2020 alone has marked a year of achievement for the Leicester-born star. Alongside a feature on up-and-coming fellow Midlands rapper Pa Salieu’s debut mixtape ‘Send Them To Coventry’, and Headie One’s #1 album ‘Edna’ , Mahalia also received a GRAMMY nomination for ‘All I Need’, Jacob Collier’s single of which she features alongside US rapper, Ty Dolla $ign. In addition, Mahalia snapped up three MOBO nominations for Best Female Act, Best R&B/Soul Act and Album Of The Year for Love and Compromise, w inning in the first two categories. Besides the awards and nominations, it’s also been a year of deep personal growth, one that Mahalia describes as a real rollercoaster in her personal and professional life. “By September, I think I was just tired - tired of being inside and tired of not being able to do what I do while going through a break up. It was a confusing time.” It was also a time that has caused her to reflect on the relationships around her and, in turn, has spurned even more music.
After the lifting of the first lockdown, she found herself able to head to the studio on a regular basis. “My creative juices started flowing and it must’ve taken about a month of being in the studio but I found my rhythm; I was going in and coming out with concepts, ideas and full songs that I was in love with.”
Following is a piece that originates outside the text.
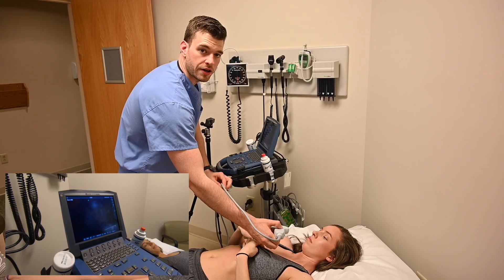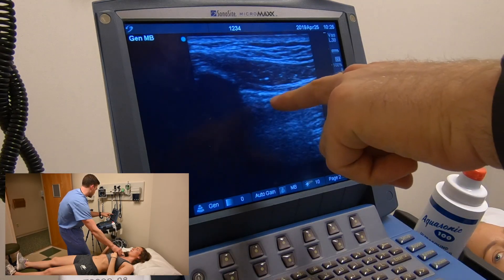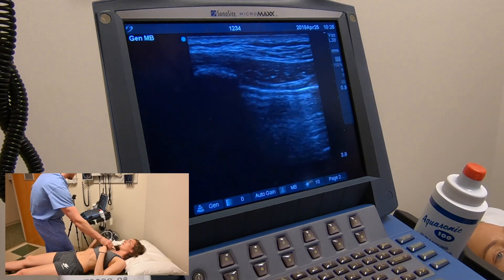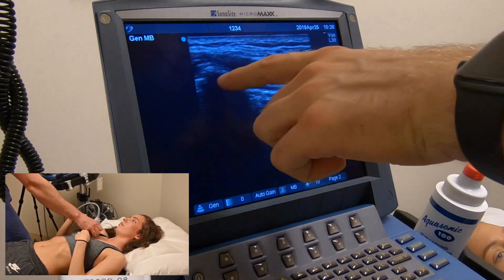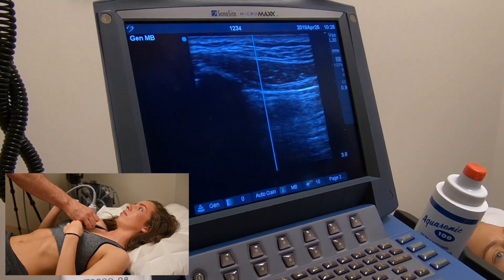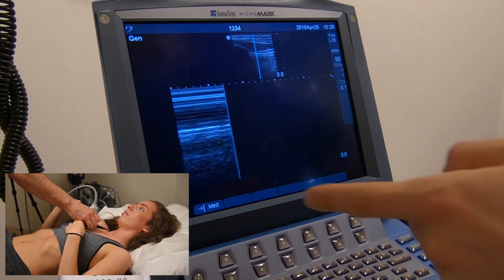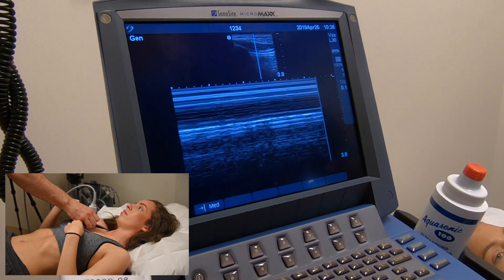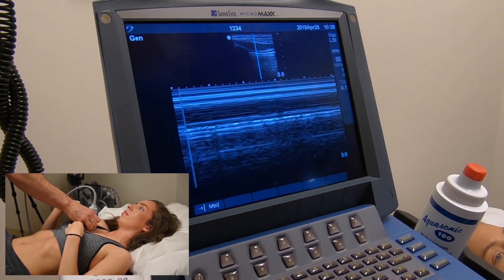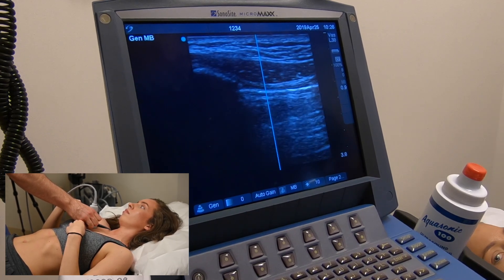Here we're looking at the lungs; I've switched to a linear probe to show the lung exam. Take a deep breath, Stephanie — you can see that shimmering motion, like ants on a log. That's a classic positive sign. This is a rib here, and we can't see sound waves past it. Just real quick with M-mode: place it over that region, hit M-mode, and you'll see the sandy shore pattern — like the shore and the water. If you saw a barcode sign instead, that would indicate a pneumothorax. I don't use M-mode a ton, but it's another way to assess that.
Realising a lot about herself and the negativity she wanted to remove from her life, it has born the catchy new ‘Jealous’ featuring US rapper Rico Nasty. The head-bop inducing track offers an inversion of the way men and women are stereotypically conditioned to speak about themselves and what they’re told they should and shouldn’t feel. With the strains of a guitar, underlying trap and Mahalia’s signature soulful sound, the listener is taken on a journey - one that challenges them throughout. “I really wanted to capture how jealous and unsupportive friends can break your heart, more than any romantic relationship.” Never shy of exploring different sounds, Mahalia’s ‘Rizzla’ is also a sizzling new song featuring Jamaican reggae sensation Koffee. Capturing carnival vibes, wistful summer memories and romance on the dancefloor, the singer gives a nod to her Jamaican roots with a track that will undoubtedly be played on repeat for summers to come.
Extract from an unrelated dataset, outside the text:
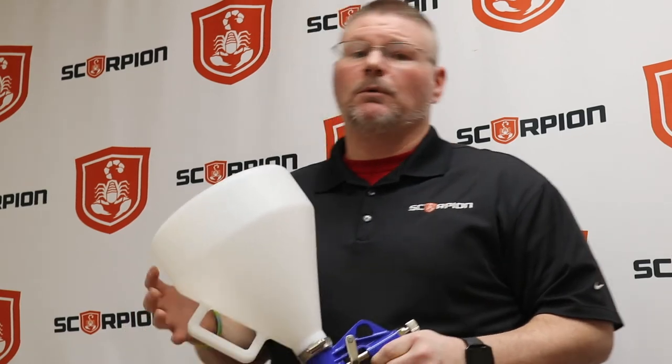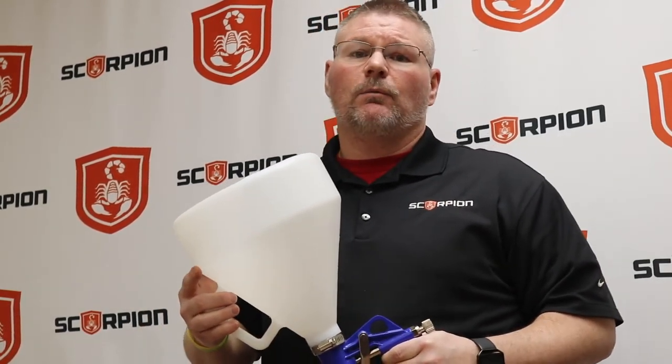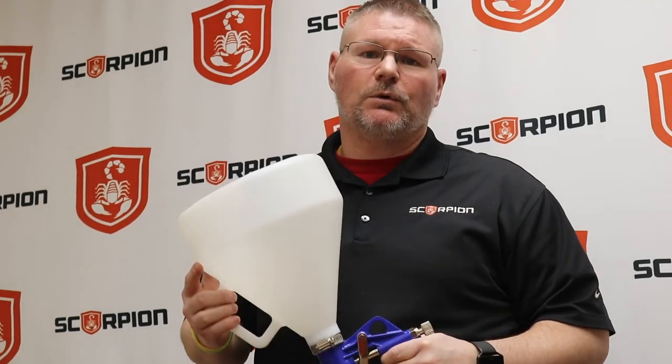So remember, if you have any questions about the LMR or how to clean this gun, you're more than welcome to give us a call at 1-800-483-9087. Visit us on our website, www.scorpioncoatings.com. And remember, Scorpion — protect what's yours.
Reflection has been the thread running through Mahalia’s latest projects and while the current global situation offers little more than uncertainty and anxiously looking ahead, the singer hopes that her music will encourage her listeners to carve out time to also look back and re-evaluate: “We’re all fixated on how we can make ourselves better during and after this period of time but I want people to also reminisce on lovely or painful situations they’ve lived through and how they’ve helped shape the people they are now.”